Portfolio Chatbot – Lefteris Polychronakis

Portfolio Chatbot — RAG Assistant

Python RAG LangChain LLMs FAISS Embeddings Groq Gradio NLP

Brief

A live, deployed AI assistant that answers questions about my background, projects, skills, and CV. It uses retrieval-augmented generation (RAG): rather than relying on a model's training memory, it retrieves the most relevant passages from my actual documents and feeds them to the LLM as context.

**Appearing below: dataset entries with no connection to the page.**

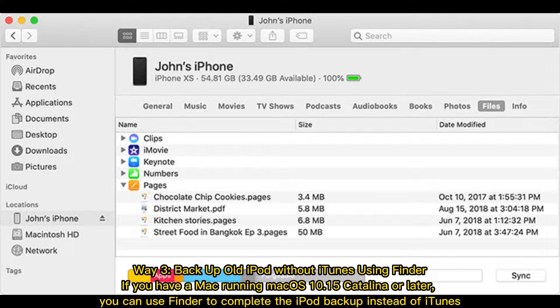Way 3: Backup old iPod without iTunes using Finder. If you have a Mac running macOS 10.15 Catalina or later, you can use Finder to complete the iPod backup instead of iTunes.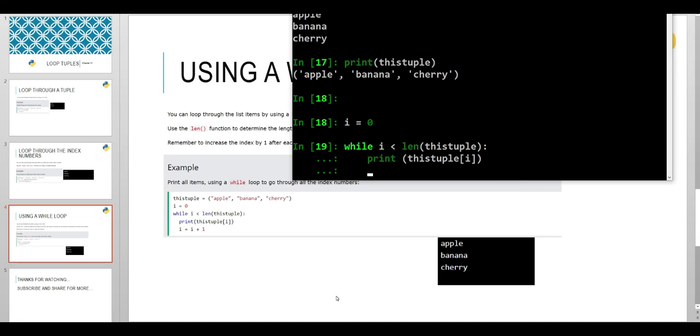And don't forget to increment this variable because in each loop or iteration we will be going to the next value in the tuple by having this increment of variable i. i is equal to i plus one.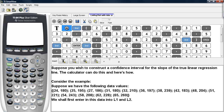Suppose you wish to construct a confidence interval for the slope of the true linear regression line. The calculator can do this, and here's how. Consider the following example. Suppose we have the following data values, and we will first enter these data values into L1 and L2.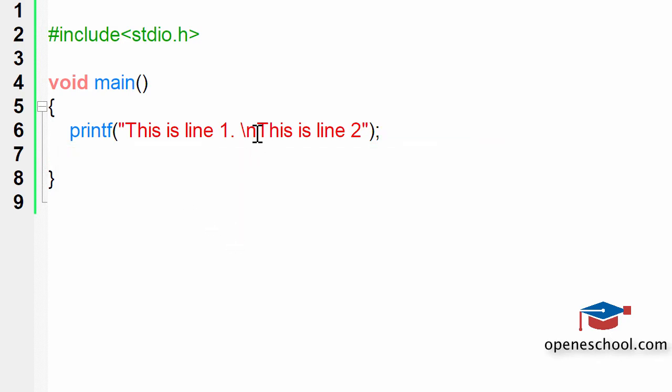Now the reason why we have discussed the use of slash n in printf is because in the next videos, wherever we will be writing anything on the console window by using the printf function, we will be making use of the slash n escape character a lot. So I hope you will understand the value of slash n when writing anything on the console window by using the printf function.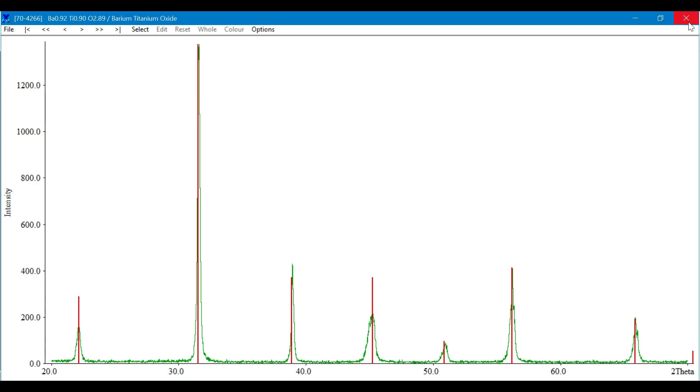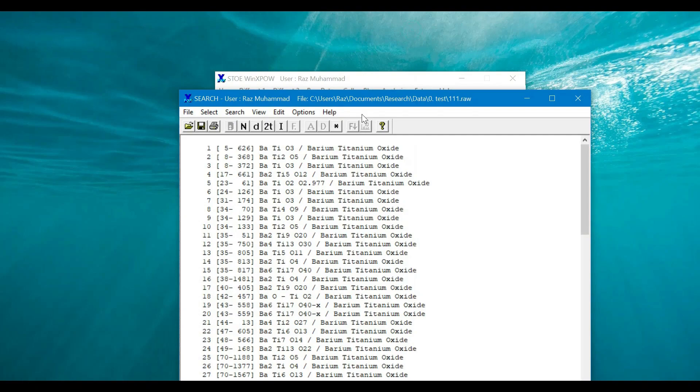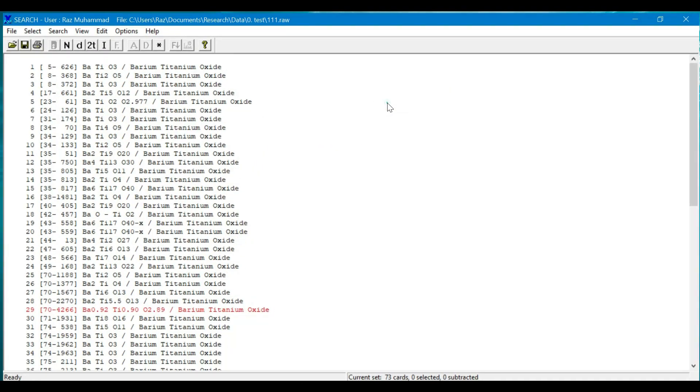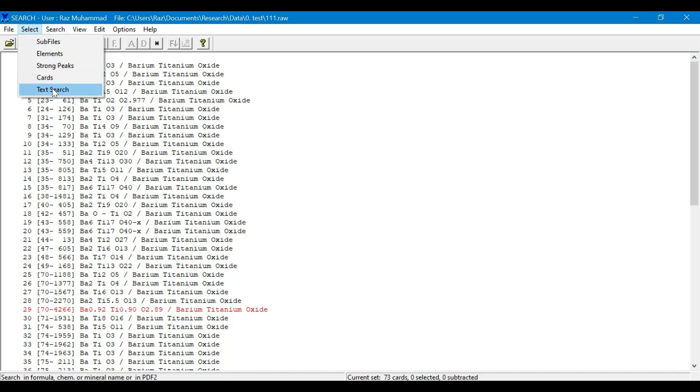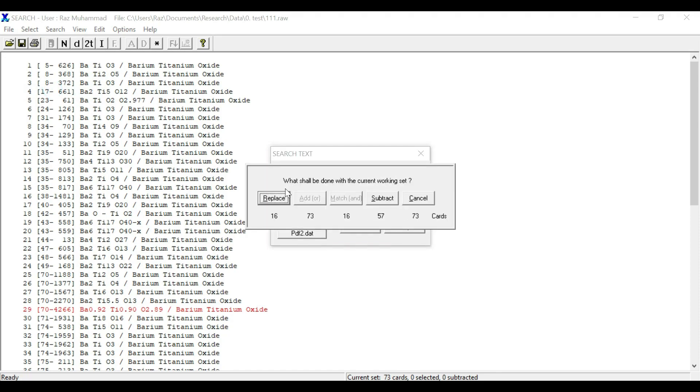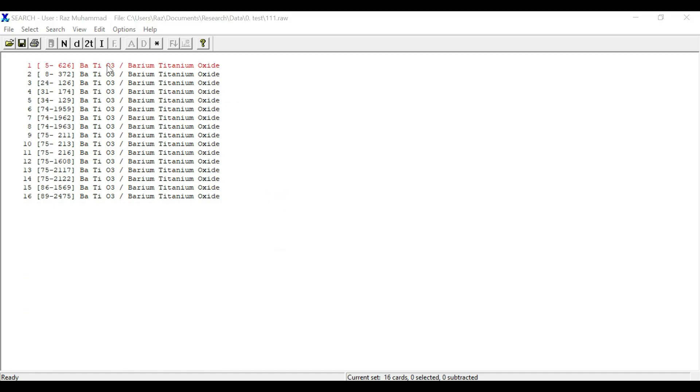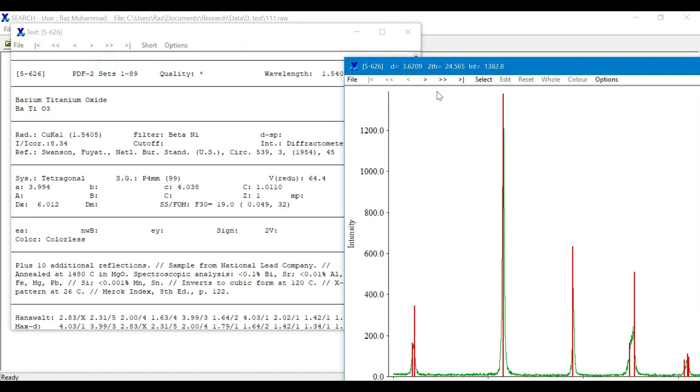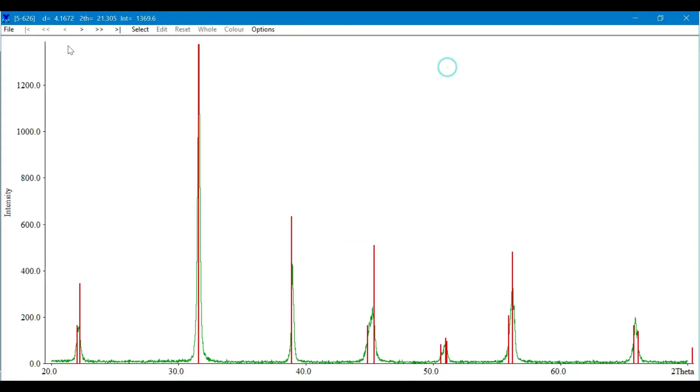In another way, you can also search your desired file directly by selecting the text search option. Here you need to enter the exact formula of your compound, and it will filter out just the specific phase of your material.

Ask it anything — it answers from source, not from guesswork.

What It Does

The chatbot is embedded directly on this portfolio and deployed as a public Hugging Face Space. Visitors can ask questions like "What is his latest job?", "What ML frameworks does he know?", or "Tell me about the IGARSS paper" — and get accurate, grounded answers drawn from my CV and website content.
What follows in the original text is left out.